Decided: April 13, 2017

Michael Ufferman of Michael Ufferman Law Firm, P.A., Tallahassee, Florida, for Petitioner Pamela Jo Bondi, Attorney General, Tallahassee, Florida;  Wesley Heidt, Bureau Chief, and L. Charlene Matthews, Assistant Attorney General, Daytona Beach, Florida, for Respondent

This case is before the Court for review of the decision of the Fifth District Court of Appeal in McNeil v. State, 162 So. 3d 274 (Fla. 5th DCA 2015). In a separate opinion, the district court, on a motion to certify the question, certified the following question as one of great public importance:

ARE THE COSTS IMPOSED PURSUANT TO SECTIONS 938.085, 938.08, AND 938.10, FLORIDA STATUTES (2006), ASSESSED “PER CASE” OR “PER COUNT”?

McNeil v. State, 163 So. 3d 661 (Fla. 5th DCA 2015). We have jurisdiction. See art. V, § 3(b)(4), Fla. Const. For the reasons that follow, we answer the certified question by holding that sections 938.08, 938.085, and 938.10(1), Florida Statutes (2006), call for imposition of costs on a per count basis and approve the decision in McNeil, 162 So. 3d 274.

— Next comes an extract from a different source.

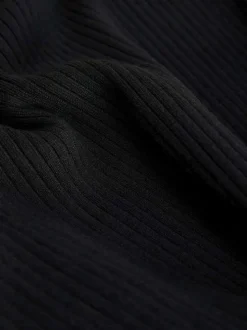 Pull noir côtelé avec une coupe près du corps et un col rond
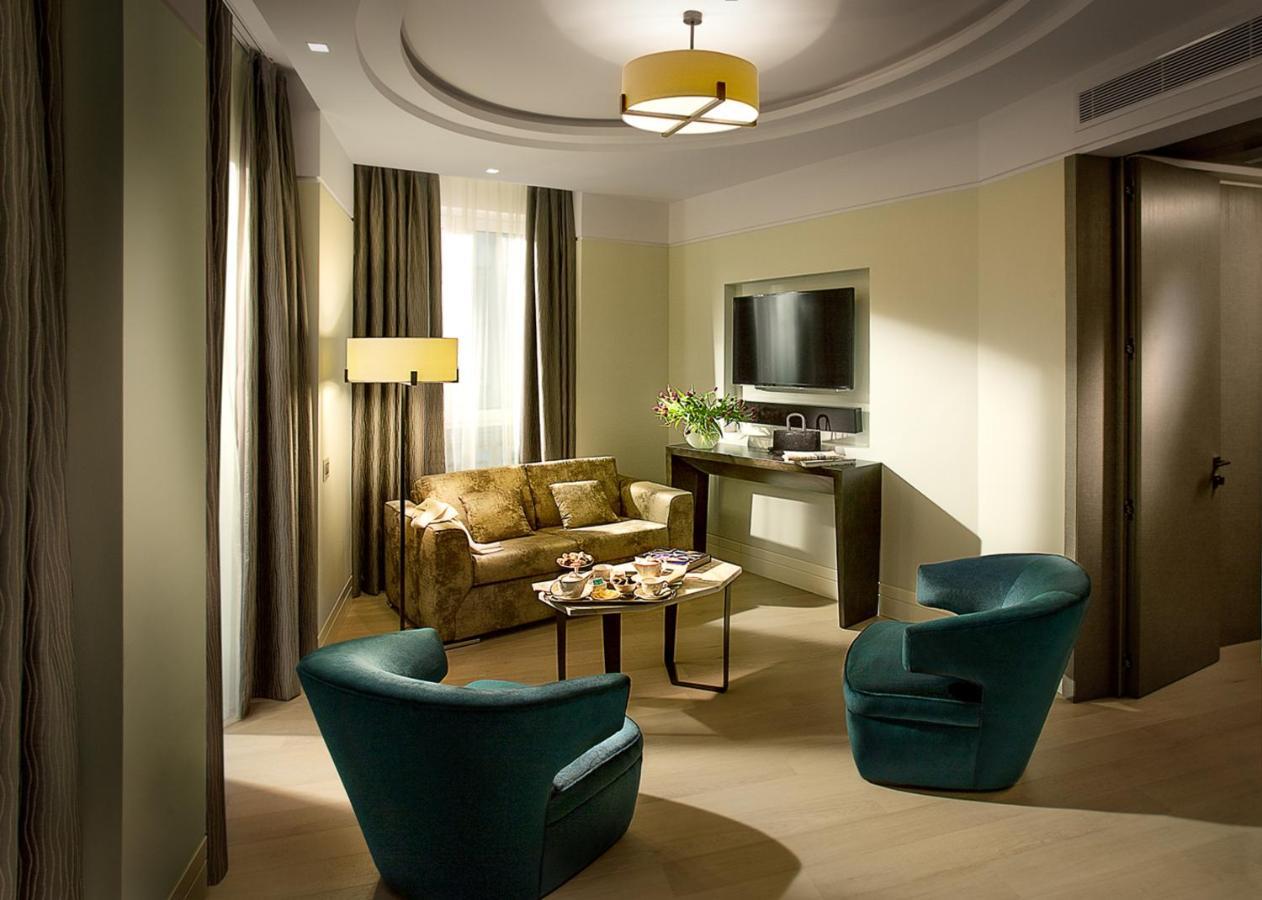 Cavour 4* Milano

FACTS AND PROCEDURAL BACKGROUND

The district court explained the underlying facts as follows:

Brenton McNeil pled nolo contendere to three counts of sexual battery of a child under the age of twelve by a person under the age of eighteen in violation of section 794.011(2), Florida Statutes (2006), which requires costs to be imposed under sections 938.08, 938.085, and 938.10;  and one count of lewd or lascivious molestation in violation of section 800.04(5), Florida Statutes (2006), which requires costs to be imposed under section 938.10. The court imposed costs for each of the four convictions, resulting in costs of $603 pursuant to section 938.08, $453 pursuant to section 938.085, and $404 pursuant to section 938.10(1).

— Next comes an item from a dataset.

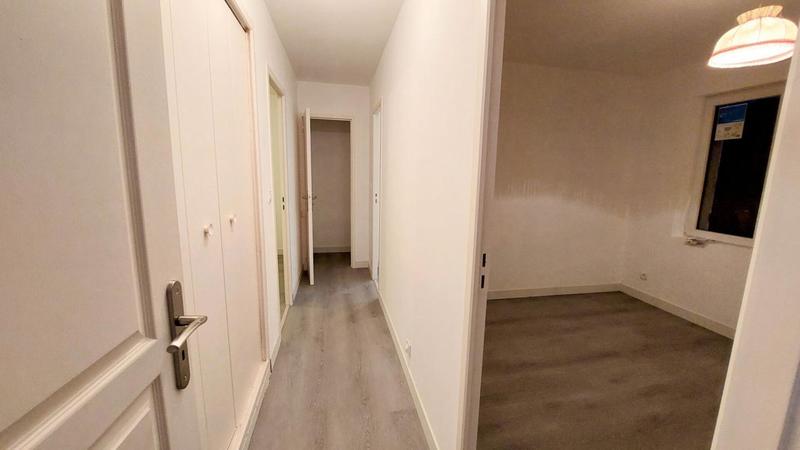 Maison - 93 m² - 4 pièces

Id. at 275. The trial court imposed costs according to the following 2006 statutes: 1

938.08 Additional cost to fund programs in domestic violence.—In addition to any sanction imposed for a violation of ․ s. 794.011, or for any offense of domestic violence described in s. 741.28, the court shall impose a surcharge of $201. Payment of the surcharge shall be a condition of probation, community control, or any other court-ordered supervision․

938.085 Additional cost to fund rape crisis centers.—In addition to any sanction imposed when a person pleads guilty or nolo contendere to, or is found guilty of, regardless of adjudication, a violation of s. 784.011, s. 784.021, s. 784.03, s. 784.041, s. 784.045, s. 784.048, s. 784.07, s. 784.08, s. 784.081, s. 784.082, s. 784.083, s. 784.085, or s. 794.011, the court shall impose a surcharge of $151. Payment of the surcharge shall be a condition of probation, community control, or any other court-ordered supervision․

938.10 Additional court cost imposed in cases of certain crimes against minors.—

(1) If a person pleads guilty or nolo contendere to, or is found guilty of, regardless of adjudication, any offense against a minor in violation of s. 784.085, chapter 787, chapter 794, s. 796.03, s. 800.04, chapter 827, s. 847.0145, or s. 985.701, the court shall impose a court cost of $101 against the offender in addition to any other cost or penalty required by law.

(Emphasis added.) McNeil was sentenced to eight years in prison followed by thirteen years of probation. He filed an appeal, contending that the trial court erroneously assessed the costs per count, instead of per case. The Fifth District affirmed, holding that the costs were properly assessed on a per count basis. McNeil, 162 So. 3d at 277. The district court concluded that the plain language of these statutes reflects that the Legislature intended to impose costs per count, not per case:

By the plain language of these statutes, sections 938.08 and 938.085 require costs to be assessed for “a violation” of an enumerated statute, while section 938.10 requires assessment of costs for a nolo contendere or guilty plea to “any offense” enumerated in the statute. We believe the use of the words “a” and “any” in these statutes indicates the Legislature's intent to impose costs for each offense.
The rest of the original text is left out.